Instructions to follow. Starting at the first line of the data below, write out each line exactly until you reach the line containing "Estus Point tide", and include that line too.

►

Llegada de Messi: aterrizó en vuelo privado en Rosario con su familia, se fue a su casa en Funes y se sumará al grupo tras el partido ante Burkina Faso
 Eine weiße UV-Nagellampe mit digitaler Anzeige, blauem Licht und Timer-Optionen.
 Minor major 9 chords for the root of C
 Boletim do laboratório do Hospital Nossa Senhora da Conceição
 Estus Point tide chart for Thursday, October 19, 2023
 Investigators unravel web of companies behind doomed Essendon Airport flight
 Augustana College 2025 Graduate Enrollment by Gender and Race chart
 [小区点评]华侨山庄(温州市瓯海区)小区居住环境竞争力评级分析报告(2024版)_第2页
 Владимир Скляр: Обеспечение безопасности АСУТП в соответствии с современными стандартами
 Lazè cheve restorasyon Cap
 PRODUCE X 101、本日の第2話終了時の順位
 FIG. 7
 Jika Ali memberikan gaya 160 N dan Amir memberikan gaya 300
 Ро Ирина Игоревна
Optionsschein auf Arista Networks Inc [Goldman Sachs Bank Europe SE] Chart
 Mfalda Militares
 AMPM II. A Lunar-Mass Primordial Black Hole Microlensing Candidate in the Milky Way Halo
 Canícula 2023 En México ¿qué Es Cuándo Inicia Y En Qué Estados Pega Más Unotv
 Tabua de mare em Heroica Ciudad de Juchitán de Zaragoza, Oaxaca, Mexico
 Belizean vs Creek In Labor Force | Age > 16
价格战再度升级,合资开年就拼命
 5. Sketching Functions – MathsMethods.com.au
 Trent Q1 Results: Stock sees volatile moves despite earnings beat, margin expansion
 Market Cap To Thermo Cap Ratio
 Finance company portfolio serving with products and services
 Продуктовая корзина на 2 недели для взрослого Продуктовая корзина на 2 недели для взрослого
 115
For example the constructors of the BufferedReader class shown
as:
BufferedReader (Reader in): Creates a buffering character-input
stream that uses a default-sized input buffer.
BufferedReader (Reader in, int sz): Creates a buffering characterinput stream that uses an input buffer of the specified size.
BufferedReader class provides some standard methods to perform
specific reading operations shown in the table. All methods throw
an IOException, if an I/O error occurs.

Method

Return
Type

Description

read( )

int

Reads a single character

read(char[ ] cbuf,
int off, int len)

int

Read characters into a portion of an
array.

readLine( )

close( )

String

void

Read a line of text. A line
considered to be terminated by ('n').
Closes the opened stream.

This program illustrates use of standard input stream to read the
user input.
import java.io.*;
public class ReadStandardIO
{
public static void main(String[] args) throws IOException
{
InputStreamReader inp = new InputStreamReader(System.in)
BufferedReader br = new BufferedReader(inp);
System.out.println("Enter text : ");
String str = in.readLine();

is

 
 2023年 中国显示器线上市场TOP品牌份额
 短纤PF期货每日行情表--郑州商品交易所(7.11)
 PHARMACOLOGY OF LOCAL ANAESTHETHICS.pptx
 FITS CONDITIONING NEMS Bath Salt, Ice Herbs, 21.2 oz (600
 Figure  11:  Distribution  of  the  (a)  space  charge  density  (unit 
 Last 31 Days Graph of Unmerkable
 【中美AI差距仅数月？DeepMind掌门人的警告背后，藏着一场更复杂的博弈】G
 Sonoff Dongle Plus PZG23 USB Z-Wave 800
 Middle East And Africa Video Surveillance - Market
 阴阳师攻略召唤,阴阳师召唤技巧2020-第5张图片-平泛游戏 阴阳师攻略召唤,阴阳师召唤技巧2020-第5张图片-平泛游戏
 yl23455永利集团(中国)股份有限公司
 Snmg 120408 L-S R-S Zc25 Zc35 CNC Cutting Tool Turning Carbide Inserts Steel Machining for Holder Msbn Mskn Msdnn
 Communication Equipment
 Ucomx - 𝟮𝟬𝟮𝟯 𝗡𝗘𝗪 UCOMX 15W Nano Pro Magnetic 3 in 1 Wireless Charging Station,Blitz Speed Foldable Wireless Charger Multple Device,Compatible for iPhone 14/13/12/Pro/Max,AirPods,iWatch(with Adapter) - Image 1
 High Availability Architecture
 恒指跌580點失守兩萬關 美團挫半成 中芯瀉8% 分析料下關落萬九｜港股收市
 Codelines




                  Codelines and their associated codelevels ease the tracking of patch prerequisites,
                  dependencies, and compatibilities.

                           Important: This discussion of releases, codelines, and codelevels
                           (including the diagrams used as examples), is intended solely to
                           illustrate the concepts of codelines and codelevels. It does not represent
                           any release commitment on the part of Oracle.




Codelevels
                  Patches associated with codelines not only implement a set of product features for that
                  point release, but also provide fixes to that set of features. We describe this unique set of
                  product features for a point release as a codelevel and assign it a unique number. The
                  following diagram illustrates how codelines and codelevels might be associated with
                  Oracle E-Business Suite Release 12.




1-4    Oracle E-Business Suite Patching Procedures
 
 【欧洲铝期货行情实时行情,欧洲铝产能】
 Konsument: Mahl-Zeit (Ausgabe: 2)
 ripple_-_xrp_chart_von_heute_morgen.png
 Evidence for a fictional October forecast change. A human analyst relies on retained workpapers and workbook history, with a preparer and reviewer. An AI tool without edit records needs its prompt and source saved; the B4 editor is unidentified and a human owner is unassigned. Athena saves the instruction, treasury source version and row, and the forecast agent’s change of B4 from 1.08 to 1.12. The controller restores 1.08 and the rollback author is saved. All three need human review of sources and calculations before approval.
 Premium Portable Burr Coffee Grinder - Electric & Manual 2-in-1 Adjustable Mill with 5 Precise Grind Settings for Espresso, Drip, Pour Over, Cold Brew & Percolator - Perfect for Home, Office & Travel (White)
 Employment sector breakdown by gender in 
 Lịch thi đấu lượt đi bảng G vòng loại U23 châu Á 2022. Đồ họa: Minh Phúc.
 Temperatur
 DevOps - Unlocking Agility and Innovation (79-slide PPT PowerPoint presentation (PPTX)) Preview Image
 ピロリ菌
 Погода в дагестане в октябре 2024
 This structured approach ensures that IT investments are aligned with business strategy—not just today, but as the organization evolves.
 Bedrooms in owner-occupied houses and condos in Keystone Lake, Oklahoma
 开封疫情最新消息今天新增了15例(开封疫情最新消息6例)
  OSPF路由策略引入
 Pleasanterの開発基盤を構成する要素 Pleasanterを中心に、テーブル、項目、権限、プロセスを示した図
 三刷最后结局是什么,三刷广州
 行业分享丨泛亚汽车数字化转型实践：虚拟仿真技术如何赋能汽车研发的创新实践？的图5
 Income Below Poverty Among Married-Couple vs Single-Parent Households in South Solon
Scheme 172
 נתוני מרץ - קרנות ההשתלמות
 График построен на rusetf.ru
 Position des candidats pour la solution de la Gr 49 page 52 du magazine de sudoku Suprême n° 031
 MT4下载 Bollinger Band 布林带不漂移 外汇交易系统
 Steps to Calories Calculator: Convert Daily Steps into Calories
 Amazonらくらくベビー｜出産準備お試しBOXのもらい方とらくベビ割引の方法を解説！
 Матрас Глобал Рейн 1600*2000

◄

Answer section.
Llegada de Messi: aterrizó en vuelo privado en Rosario con su familia, se fue a su casa en Funes y se sumará al grupo tras el partido ante Burkina Faso
 Eine weiße UV-Nagellampe mit digitaler Anzeige, blauem Licht und Timer-Optionen.
 Minor major 9 chords for the root of C
 Boletim do laboratório do Hospital Nossa Senhora da Conceição
 Estus Point tide chart for Thursday, October 19, 2023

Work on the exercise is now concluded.